TASK DATA
'''
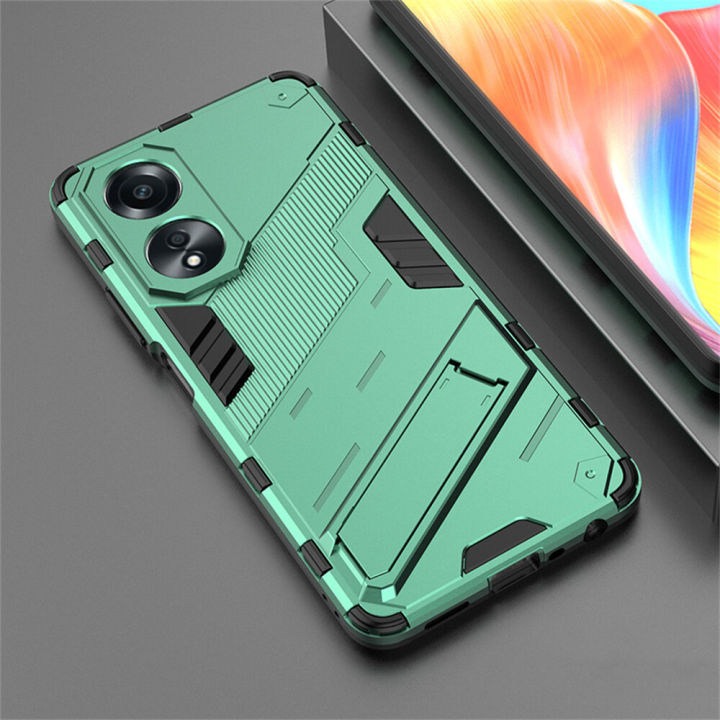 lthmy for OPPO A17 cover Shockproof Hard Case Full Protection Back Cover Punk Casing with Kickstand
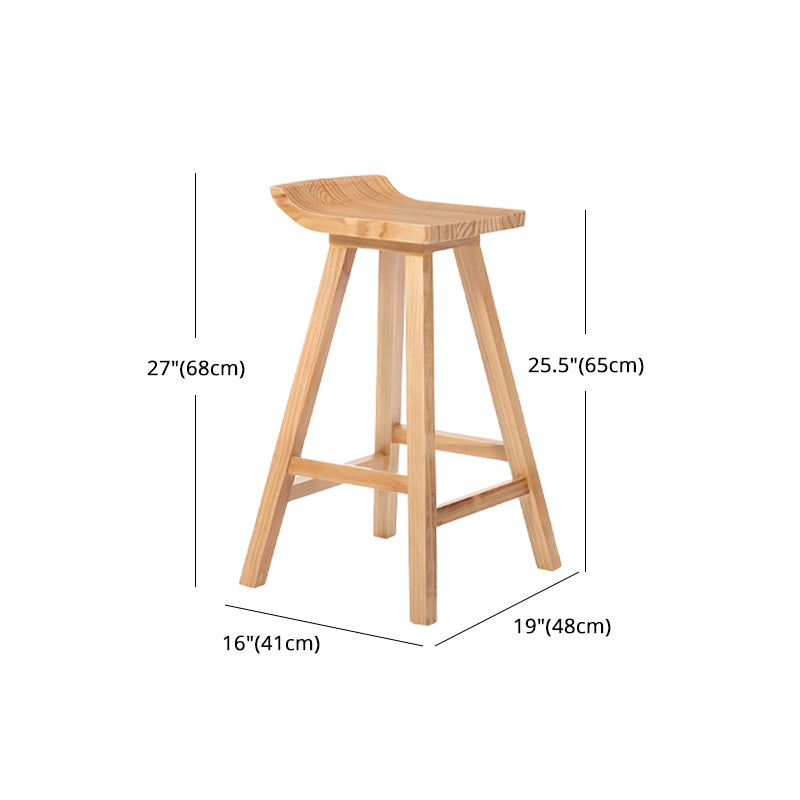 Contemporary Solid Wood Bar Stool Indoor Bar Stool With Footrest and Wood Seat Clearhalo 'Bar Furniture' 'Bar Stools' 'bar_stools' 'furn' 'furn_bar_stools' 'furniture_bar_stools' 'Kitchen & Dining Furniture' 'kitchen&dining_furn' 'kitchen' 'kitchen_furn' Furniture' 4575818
'''
'''
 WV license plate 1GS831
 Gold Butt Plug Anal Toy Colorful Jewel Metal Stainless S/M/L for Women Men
'''
'''
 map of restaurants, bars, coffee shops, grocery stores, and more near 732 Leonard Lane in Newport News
'''
INSTRUCTIONS TO FOLLOW
When you reach the line in the material above that holds "WV license plate 1GS831", begin reproducing lines exactly, and stop after the line that holds "Gold Butt Plug".

WRITTEN ANSWER
 WV license plate 1GS831
 Gold Butt Plug Anal Toy Colorful Jewel Metal Stainless S/M/L for Women Men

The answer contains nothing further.